Despite the ongoing war of words between the US and Iran and the continued oil inventory buildup, prices haven't fallen, leaving bullish investors eager for action.
2026-02-12 14:57:17

The US-Iran rivalry is affecting the oil market.
Following his meeting with Israeli Prime Minister Benjamin Netanyahu, US President Donald Trump stated that his goal remains to reach a nuclear agreement with Iran, emphasizing that "reaching an agreement is my preference." However, he also warned that if negotiations fail, "we'll have to see what happens." Despite Trump's preference for a diplomatic approach, markets remain concerned that potential military action could threaten key shipping lanes such as the Strait of Hormuz and global oil supplies.
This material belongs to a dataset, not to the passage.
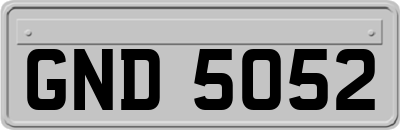 GND5052
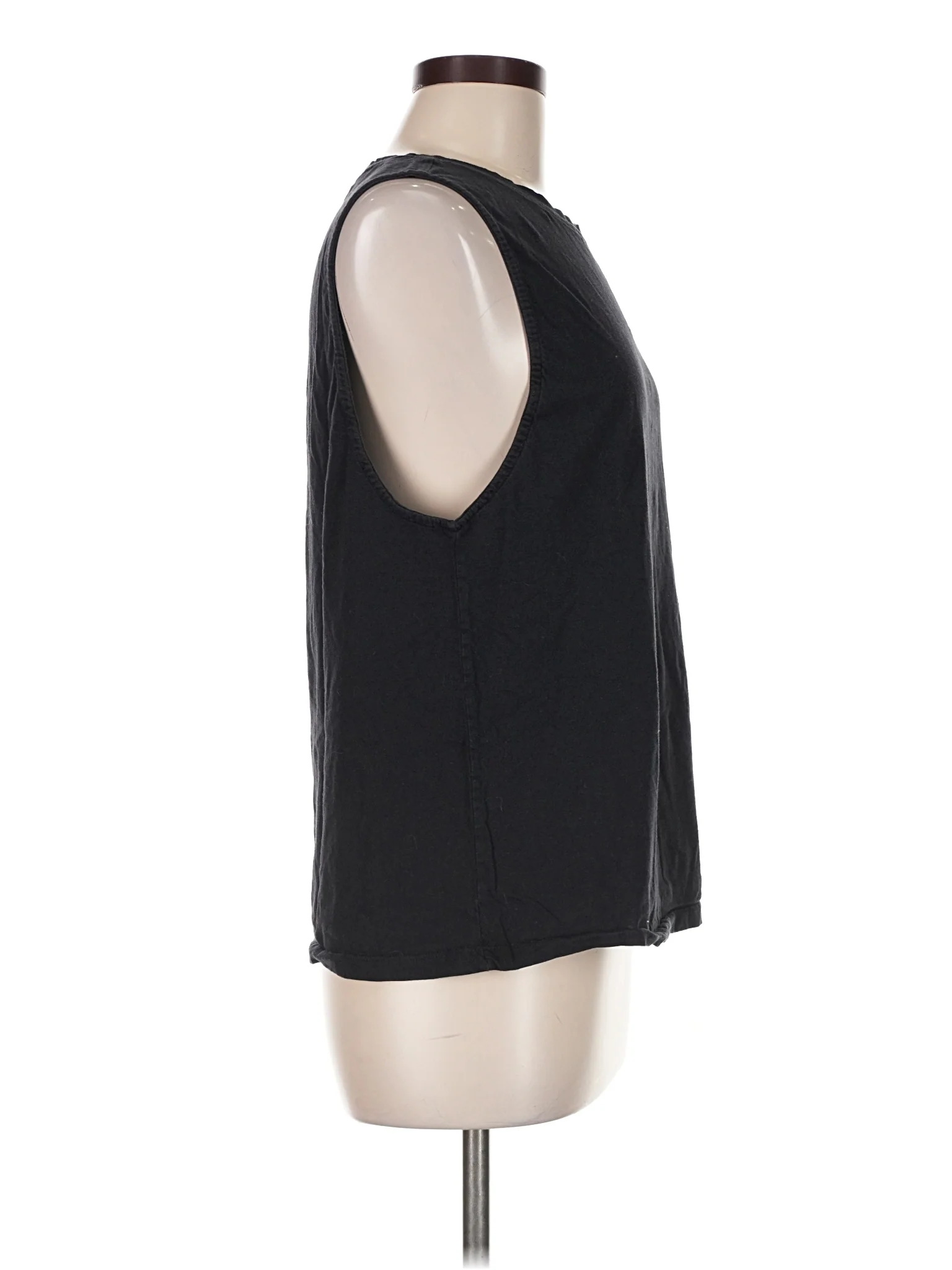 Sleeveless T Shirt - Image 3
Vandana Hari, founder of Vanda Insights, analyzed that against the backdrop of ongoing tensions between the US and Iran, oil prices are likely to remain range-bound. If diplomatic progress is made, the downside for prices will be limited, as any lasting agreement faces significant political obstacles. "Additional confrontational rhetoric or military posture could bring some risk premium, but unless a US strike on Iran is imminent, the gains will be significantly limited."
US inventories hit an eight-month high, supply limiting oil price gains.
Despite geopolitical risks providing support, supply-side data indicates easing. The latest report from the U.S. Energy Information Administration (EIA) shows that U.S. crude oil inventories surged by 8.5 million barrels last week, reaching the highest level since June 2025. Several investment banks believe that global crude oil supply is ample. Goldman Sachs points out that a supply glut is emerging, but it is mainly concentrated in regions with less influence on price formation.
The International Energy Agency (IEA) will release its monthly oil market report later Thursday, which is expected to reiterate the oversupply pressures facing the global market.
Venezuelan oil reserves reopened
In addition, Venezuelan crude oil flows have also attracted much attention. U.S. Energy Secretary Chris Wright stated at a media roundtable in Caracas that Venezuela's so-called "oil quarantine" has essentially ended.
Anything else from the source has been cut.